Foursquare informs me that I’ve been in the Philly airport every week for the last six weeks. By all standards, I fly a lot. I don’t dislike travel. If I did I wouldn’t do it as often as I do. Foursquare tells me too that I’ve been in the Tampa airport 40 times in the last six months. I think that qualifies me as something like an expert when it comes to air travel.
Airports everywhere are essentially the same place, just in a different city. True, the taxiways and hassles change from place to place, but once you’re in a terminal there’s really no indication of where you are. It could be Dallas, or Charlotte, or Phoenix or Chicago; eventually all those airports bleed into one another.
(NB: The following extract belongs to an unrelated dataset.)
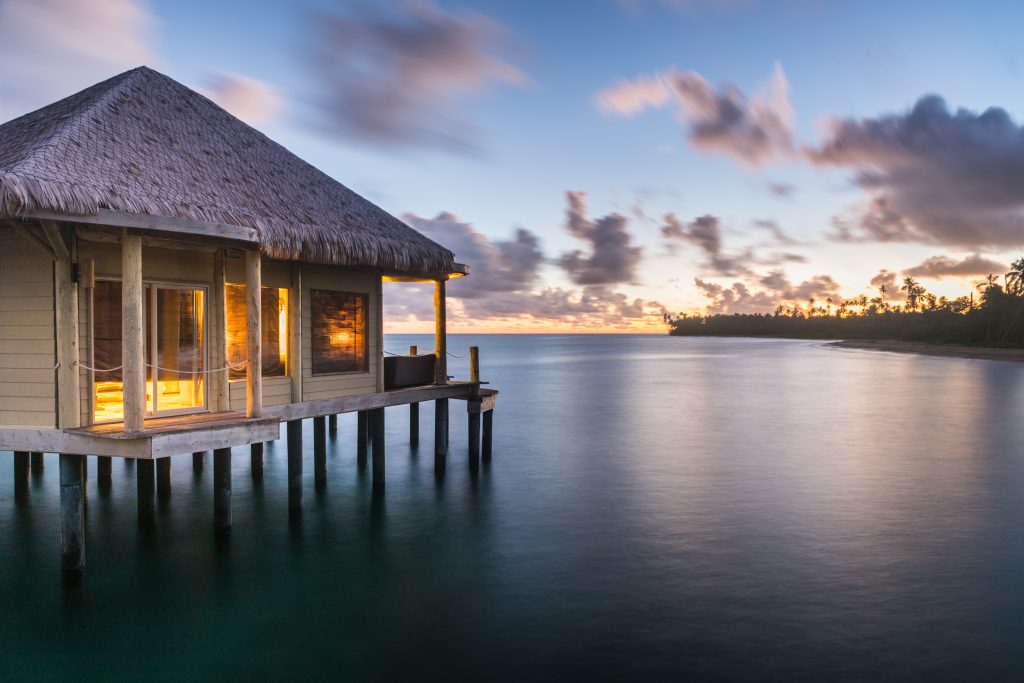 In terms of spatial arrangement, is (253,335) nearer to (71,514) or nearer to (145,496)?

Airports don’t try to proclaim where they are. They don’t make themselves stand out as a viable place. Instead, they function under the cover of the least common denominator and as the result is an unjoyous walk through the worst of what humanity has to offer.
When I was flying out of Amsterdam last week I went through the usual barrage of body scanners and carry on emptying. After we were through with the theater of security, one of the guards pulled each of us aside and conducted a private interview. He was sizing me up and gauging the odds of my being a terrorist. Having me take off my shoes is reactive at best and it keeps no one safe. What keeps lunatics out of the air is a brief one-on-one with a border guard.
When I get on a plane it’s a pretty amazing thing. Over the course of a couple of hours, I travel distances my ancestors couldn’t imagine. When my fore bearers left Scotland it took them eight weeks to get to Philadelphia. I did it the other day in nine hours. That’s an amazing, incredible thing. All of that wonder is lost when you get to an airport though.
Everyone’s on high alert from the passengers to the gate attendants. Rooms full of people exhale waves of tension you can feel. Air travel hasn’t lost its glamour, it’s lost its humanity.
Listen, I don’t want the cheapest service as a default. I’d gladly pay a bit more for the chance to have an airline treat me like a human being.
I fly enough that upgrades are pretty common occurrences. That when I’m flying first class I have a separate, dedicated security line is ridiculous. Similarly, it’s absurd that I have to send my laptop through an x-ray but not my tablet. Can mobile phones not be used to trigger bombs? Why do they get to go through security in the pocket of my jacket? My tablet has more computing power than my laptop could ever dream of yet it still gets a free pass.
My shoes didn’t bring down the World Trade Center and neither did anyone else’s. What brought down those buildings was a bunch of lunatics who wanted to fight back against a US foreign policy that deemed their countries as an an extension of US Manifest Destiny. We had a president at the time who assured us that “they hate us for our freedom.”
They don’t hate us for our freedom. They hate us for our foreign policy.
Now let’s get on with having an enjoyable flight, shall we?